# Are these Pension Fees high?



## Sleahy (21 Jan 2015)

Hi,

My employer has offered to set up an Executive Pension for me and contribute Eur3,000 per year. He has asked me to do some research as to what I want.

I have contacted Zurich and had a guy who says he works directly for Zurich came out and offered the following:
Executive Pension - (No benefit in Kind and I can contribute when finances allow)
98% Allocation
1% Management Charge
Eur 3 per month policy fee.

Can I please ask are these fees and charges about right or are they high?

Thanks for your feedback.
Susan


----------



## TRS30 (21 Jan 2015)

Sleahy said:


> Hi,
> 
> My employer has offered to set up an Executive Pension for me and contribute Eur3,000 per year. He has asked me to do some research as to what I want.
> 
> ...



To my untrained eye they would seem high. 

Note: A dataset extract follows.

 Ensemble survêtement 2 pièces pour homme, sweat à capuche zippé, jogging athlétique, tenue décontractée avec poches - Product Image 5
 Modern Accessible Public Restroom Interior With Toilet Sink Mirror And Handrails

You should be able to get 100% allocation and no monthly fee. An Annual Management Charge (AMC) of 1% is not terrible however not the lowest. 

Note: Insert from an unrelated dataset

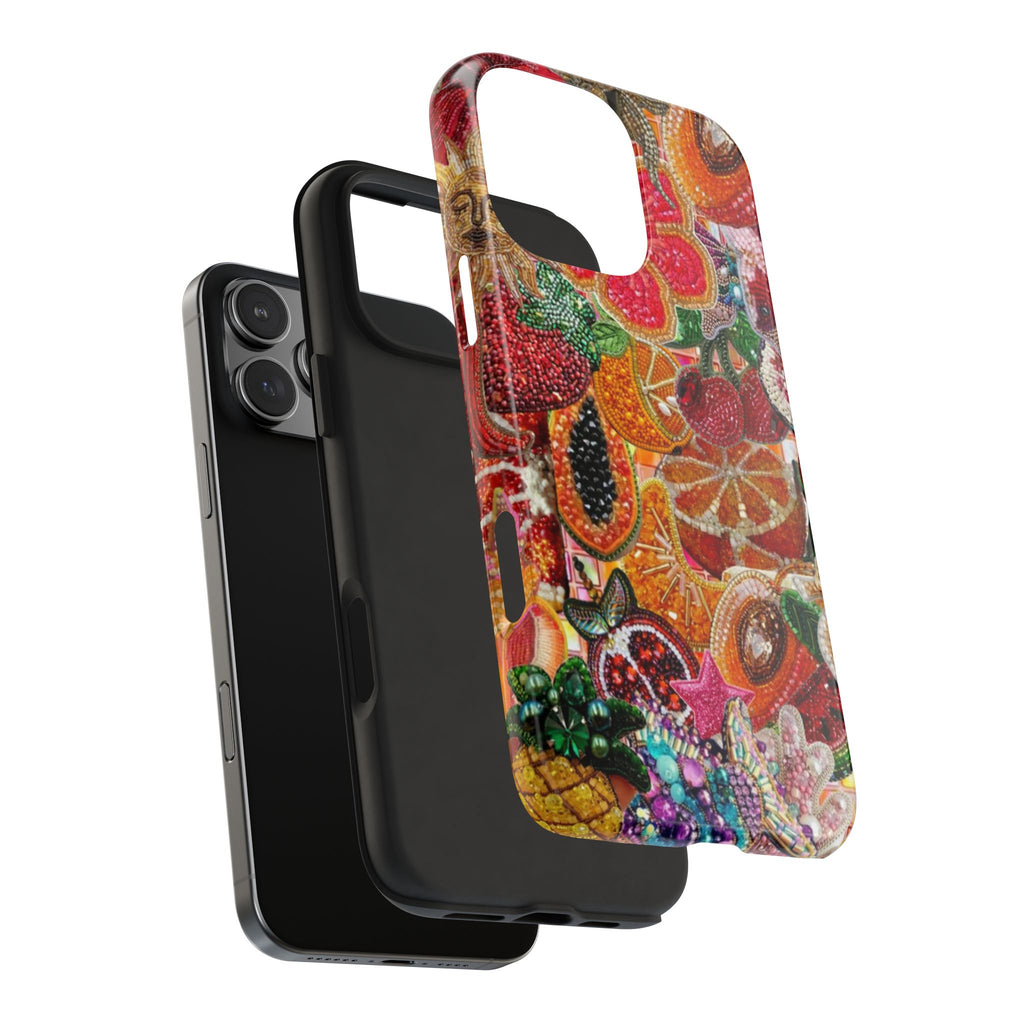 EMBELLISHED EXOTIC FRUITS PHONE CASE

My pension has an AMC of 0.55% and that is the only charge. This is a private pension through my employer.


----------



## Steven Barrett (21 Jan 2015)

The allocation rate is about right for a €250 per month pension. 

I wouldn't be happy with the policy fee though, that's another 1.2% of your premium. 

You are paying the advisors fees through commission on the pension. Ask you employer if they are willing to pay the advisor fee directly instead of it coming out of your pension pot. If they are willing to do that, you will get a better charging structure. 

Steven
www.bluewaterfp.ie


----------



## GSheehy (22 Jan 2015)

If you don't need advice on the product or investment funds, you can buy that product on an 'execution only' (no advice) basis online. Allocation rate 100% with no bid/offer spread so there's no entry/exit charges. The annual management charge is 1% (with the exception of external (Threadneedle) funds and SuperCapp Fund) and there's no policy fee. Because is an Executive Pension there is a Pensions Board Fee of €8.80 p.a.

If you need advice, you have to pay for it. You either pay for it via the allocation rate or separately by fee.


----------



## Sleahy (22 Jan 2015)

GSheehy said:


> If you don't need advice on the product or investment funds, you can buy that product on an 'execution only' (no advice) basis online. Allocation rate 100% with no bid/offer spread so there's no entry/exit charges. The annual management charge is 1% (with the exception of external (Threadneedle) funds and SuperCapp Fund) and there's no policy fee. Because is an Executive Pension there is a Pensions Board Fee of €8.80 p.a.
> 
> If you need advice, you have to pay for it. You either pay for it via the allocation rate or separately by fee.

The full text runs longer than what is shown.